Pommes de terre
Surveiller les bioagresseurs à la levée des pommes de terre
Les conditions humides favorisent à la fois l’activation des herbicides racinaires et l’arrivée précoce des pucerons dans les parcelles. Une surveillance attentive dès les premiers stades est indispensable pour évaluer les risques et préserver les auxiliaires naturellement présents.
Les conditions humides favorisent à la fois l’activation des herbicides racinaires et l’arrivée précoce des pucerons dans les parcelles. Une surveillance attentive dès les premiers stades est indispensable pour évaluer les risques et préserver les auxiliaires naturellement présents.
Les pluies ont été hétérogènes et parfois de gros cumuls de pluies sur de courtes durées ont eu lieu. Ces conditions ont donc été bénéfiques pour activer les racinaires, cependant les pommes de terre étaient en cours de levée ou tout juste levées dans certaines parcelles. Ainsi on peut observer des blanchiments ou des jaunissements importants. L’application de solutions contenant de l’aclonifen, de la clomazone et du DFF peuvent engendrer des marquages importants.
Surveiller vos parcelles dès la levée
La situation pucerons peut être préoccupante avec des pucerons déjà présents en grand nombre sur certaines parcelles. Depuis quelques semaines, les BSV alertent sur la forte présence de pucerons ailés dans les pièges, notamment en betteraves. Les ailés sont les premiers pucerons à arriver en parcelles, avant que les colonies d’aptères s’y multiplient. Sur la pomme de terre, les espèces principales sont Myzus persicae, Aphis nasturtii et Macrosiphum euphorbiae. Il convient de surveiller attentivement les parcelles de pommes de terre en cours de levée afin d'évaluer le risque et de décider, ou non, d’une intervention phytosanitaire malgré la précocité du stade de la culture.

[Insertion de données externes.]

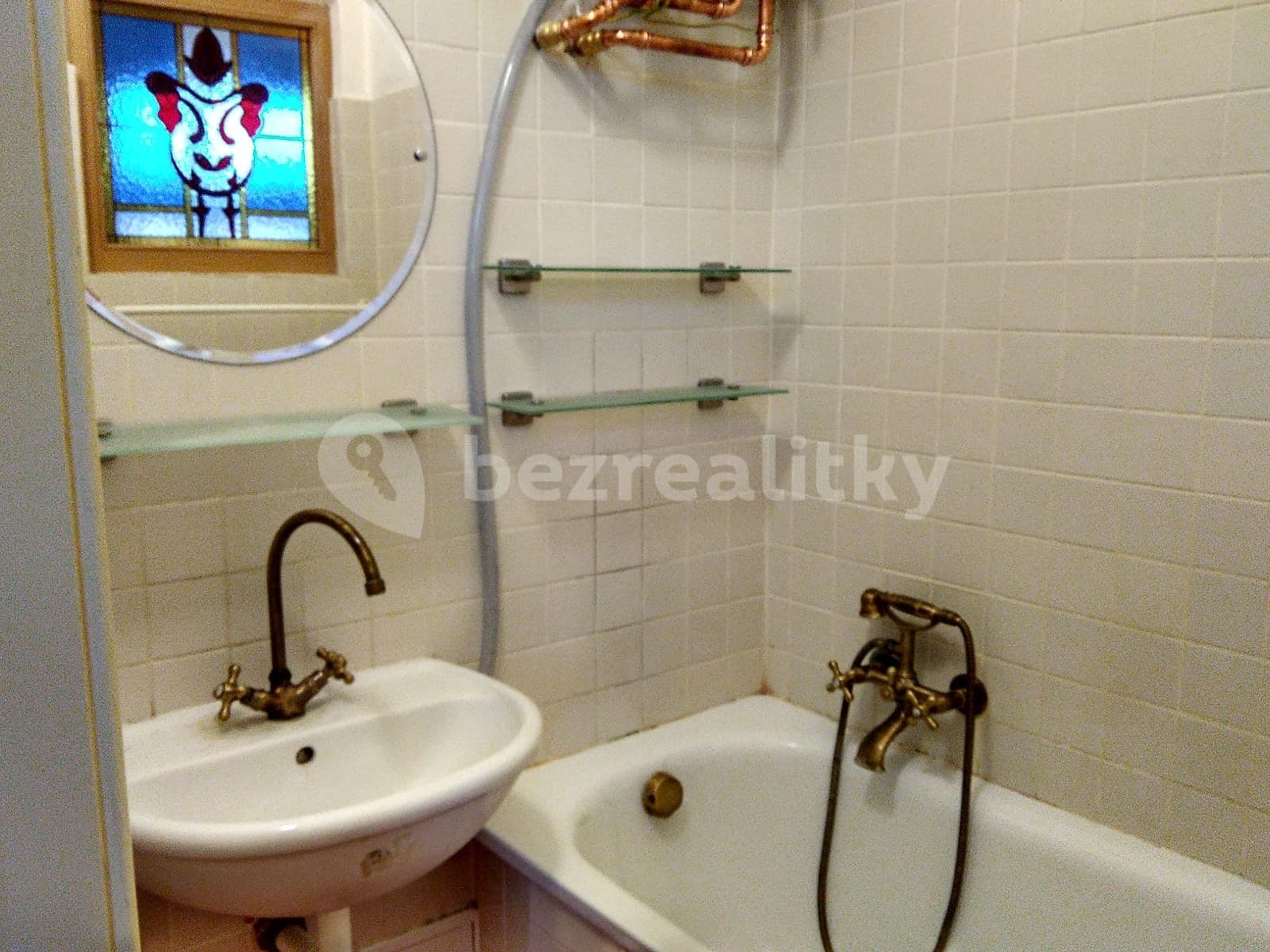 Pronájem bytu 2+kk 47 m², Šmeralova, Olomouc, Olomoucký kraj Pronájem bytu 2+kk 47 m², Šmeralova, Olomouc, Olomoucký kraj
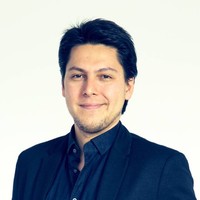 Adrian Vélez Email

Pour rappel, les auxiliaires présents jouent un rôle de régulation naturelle important et une intervention ne sera nécessaire que si les seuils de nuisibilité sont atteints.
En effet, des coccinelles et des œufs de syrphes sont déjà observés en parcelles.
Si une intervention est nécessaire, il est préférable d’utiliser des solutions qui respectent les auxiliaires comme Teppeki (BBCH max. 15). Pour rappel, le seuil de nuisibilité est de 5 à 10 pucerons par feuille ou 50 % de folioles porteuses d’au moins un puceron sur 40 folioles observées en diagonale dans le champ.
Une dérogation accordée pour lutter contre le puceron
Les cultures de pommes de terre subissent en ce moment une très forte pression pucerons. Dans ce contexte, l’Union nationale des producteurs de pommes de terre (UNPT), la FN3PT (producteur de plants) avec le concours de l’institut technique Arvalis ont obtenu une dérogation d’usage pour le produit Plesiva Gold (cyantraniliprole) de Syngenta. Cette dérogation de 120 jours est valable du 13 mai au 10 septembre 2026 sur les pommes de terre de consommation, féculières et plants. Elle vise à renforcer les moyens disponibles contre les pucerons vecteurs de viroses, alors même que les solutions techniques disponibles se réduisent année après année. «Cette décision fait suite aux alertes répétées et aux demandes portées par l’UNPT face à une pression sanitaire croissante sur le terrain», précise le communiqué de presse. Dans ce contexte de réduction progressive des moyens de protection des cultures, l’obtention de cette dérogation constitue un levier technique supplémentaire important pour sécuriser les productions face au risque de viroses. «Un usage rigoureux, raisonné et responsable de ces solutions sera déterminant pour préserver ces dérogations et homologations dans les années à venir», conclut l’UNPT.